De leraren en de ouders zijn heel belangrijk om de taalontwikkeling te stimuleren. Dit kan door middel van een goede basishouding in een gesprek.
Het gesprek en de dagelijkse communicatie zijn de beste oefenmomenten om het taalgebruik te ontwikkelen en om begrippen en taalregels eigen te maken. Dat kunnen alledaagse gesprekken zijn over van alles en nog wat, of het kunnen leergesprekken zijn rondom een onderwerp in de klas of uit een boek.
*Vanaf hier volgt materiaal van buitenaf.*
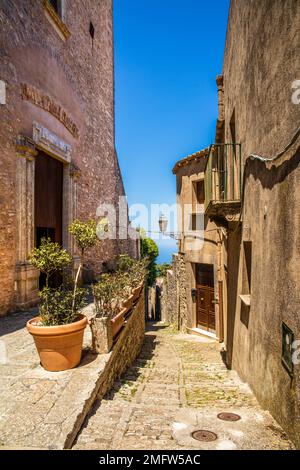 Old town alleys, medieval town of Erice, impresses with its spectacular location, Sicily, Erice, Sicily, Italy Stock Photo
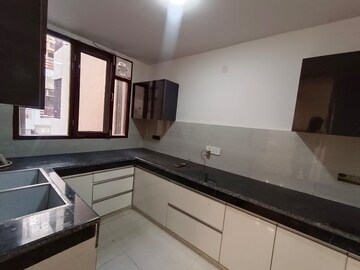 Kitchen in 3 BHK Builder Floor at Jal Vihar Colony, Sector 46 – for Rent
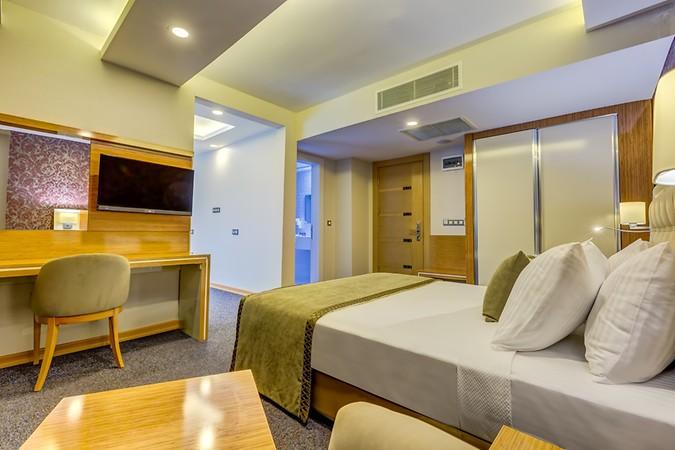 Kaya Magnesia Thermal Spa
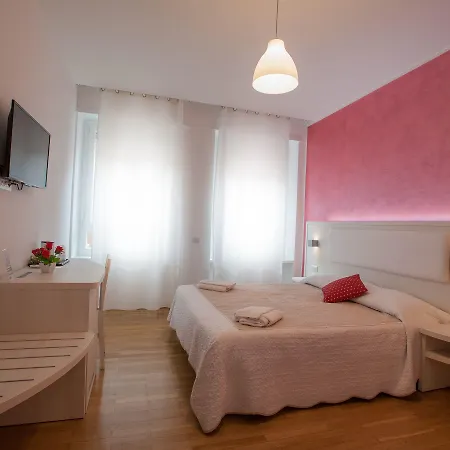 Momenti Romani Alojamento de Acomodação e Pequeno-almoço Roma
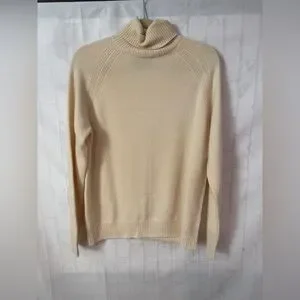 Club Monaco Cream Turtleneck Cashmere Sweater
Ook bij samen spelen past samen praten.
Belangrijke principes uit de taaldidactiek die in de scholen voor type 7 worden aangewend.
Gebruik visuele hulpmiddelen zoals foto’s, boeken of materialen om datgene wat in de spreektaal uitgewisseld wordt, te visualiseren
Vragen als “wat is dat?” of ja-neenvragen lokken niet zoveel gesprek uit.
Goede vragen zijn vragen die gericht zijn op de oprechte interesse.
Geef het kind de mogelijkheid om op zijn eigen manier te antwoorden.
Maar let hierop: wanneer jij meerdere vragen achter elkaar stelt, kan het kind hierdoor de draad kwijtraken.
Het kind leert zijn/haar beurt te nemen in het gesprek.
Voeg op een natuurlijke manier nieuwe taal, ervaringen en ideeën toe aan het gesprek
Ondersteunende communicatiemiddelen kunnen ingezet worden om:
Motorische vormen: bewegingen versterken de talige boodschap of voegen informatie toe.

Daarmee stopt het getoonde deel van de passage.